## Task directions
After finding the line that contains "this 900×675 image.", reproduce it and each line below it through the end of the listing, exactly, with nothing added.

## Data provided
====================

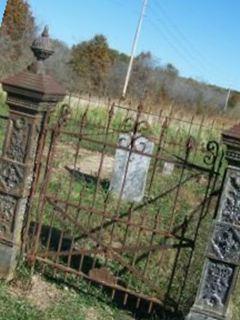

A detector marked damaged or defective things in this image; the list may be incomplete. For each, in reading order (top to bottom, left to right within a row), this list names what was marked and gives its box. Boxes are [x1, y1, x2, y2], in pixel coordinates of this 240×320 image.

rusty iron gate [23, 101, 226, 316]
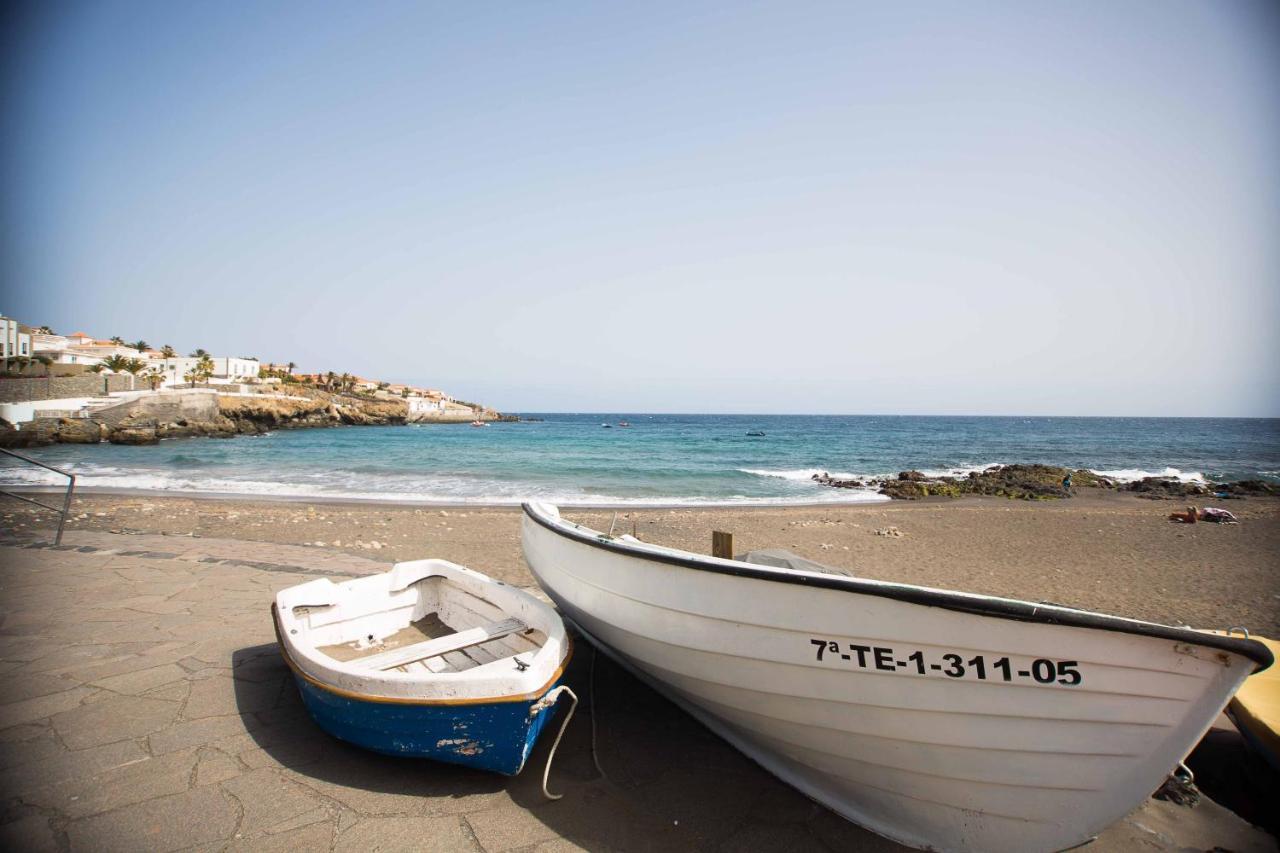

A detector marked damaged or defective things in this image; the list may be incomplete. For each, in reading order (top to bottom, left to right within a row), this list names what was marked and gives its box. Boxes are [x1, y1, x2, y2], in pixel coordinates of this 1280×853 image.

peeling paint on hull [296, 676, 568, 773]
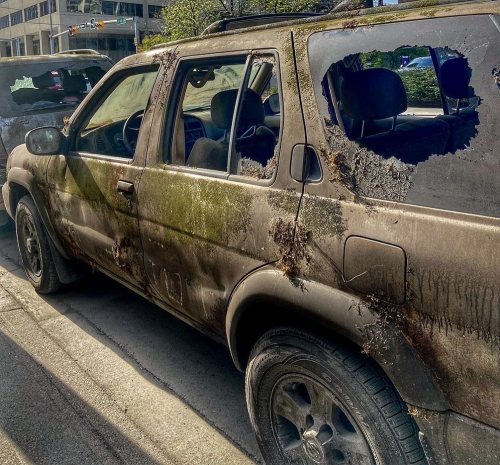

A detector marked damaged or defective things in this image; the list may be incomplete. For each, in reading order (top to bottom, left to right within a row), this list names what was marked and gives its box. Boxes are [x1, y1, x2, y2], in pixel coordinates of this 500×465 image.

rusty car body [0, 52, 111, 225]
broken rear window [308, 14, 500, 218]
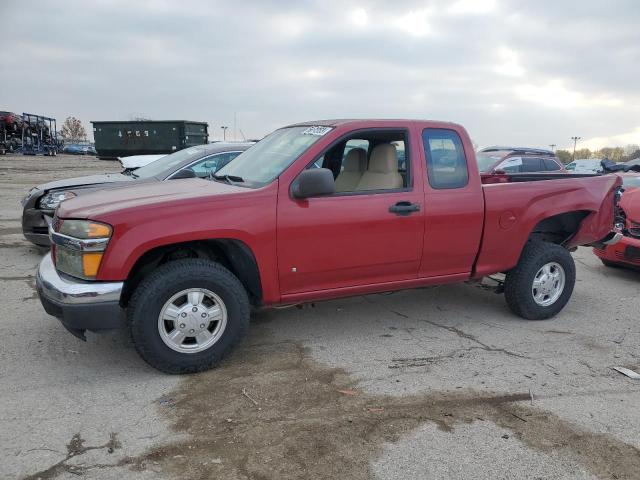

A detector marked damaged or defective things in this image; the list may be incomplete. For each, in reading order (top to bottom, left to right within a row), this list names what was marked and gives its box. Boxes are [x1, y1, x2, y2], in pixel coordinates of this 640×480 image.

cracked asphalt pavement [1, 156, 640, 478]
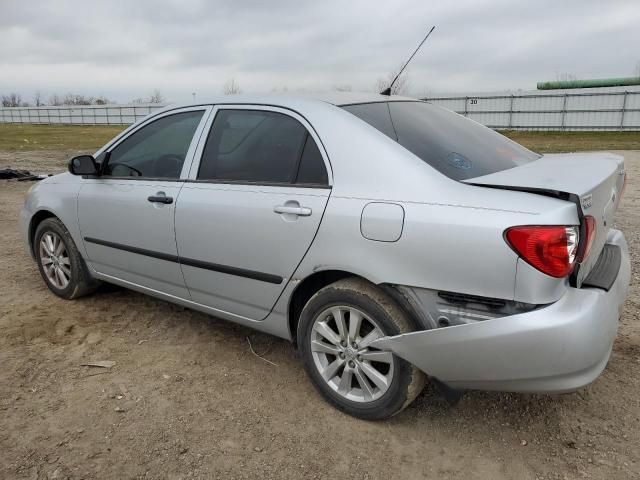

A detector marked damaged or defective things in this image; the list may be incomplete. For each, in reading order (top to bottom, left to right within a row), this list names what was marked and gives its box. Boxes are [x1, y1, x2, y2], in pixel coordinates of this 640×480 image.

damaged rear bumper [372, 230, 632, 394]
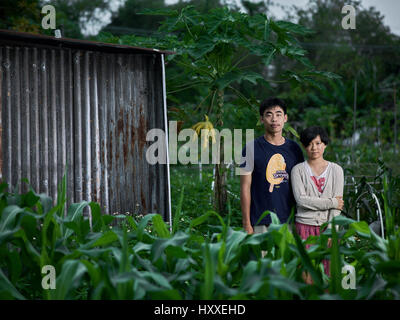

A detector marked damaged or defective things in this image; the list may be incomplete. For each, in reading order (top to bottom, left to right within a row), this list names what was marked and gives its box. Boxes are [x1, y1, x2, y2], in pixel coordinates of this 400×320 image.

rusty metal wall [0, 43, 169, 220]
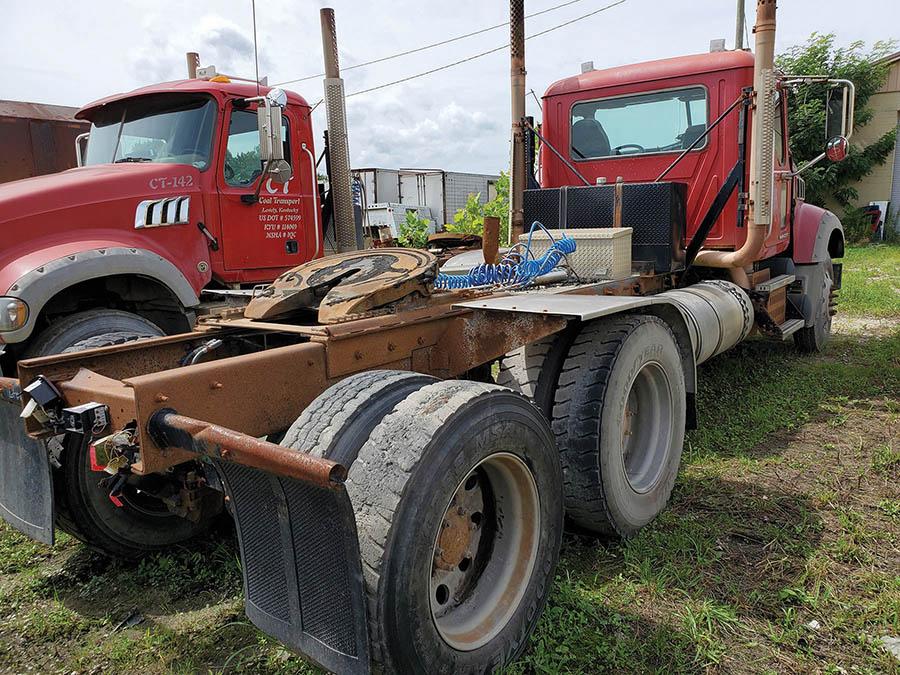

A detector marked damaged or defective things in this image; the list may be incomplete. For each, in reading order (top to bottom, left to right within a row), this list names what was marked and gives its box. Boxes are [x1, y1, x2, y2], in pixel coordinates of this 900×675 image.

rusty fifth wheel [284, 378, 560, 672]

====================

## Written response
A detector marked damaged or defective things in this image; the list may be incomplete. For each, in reading order (top to bottom, left to right within a row), this list names what was marked and gives its box. Boxes are [x1, y1, x2, y2], in pixel coordinates of this 900×675 image.

rusty fifth wheel [284, 378, 560, 672]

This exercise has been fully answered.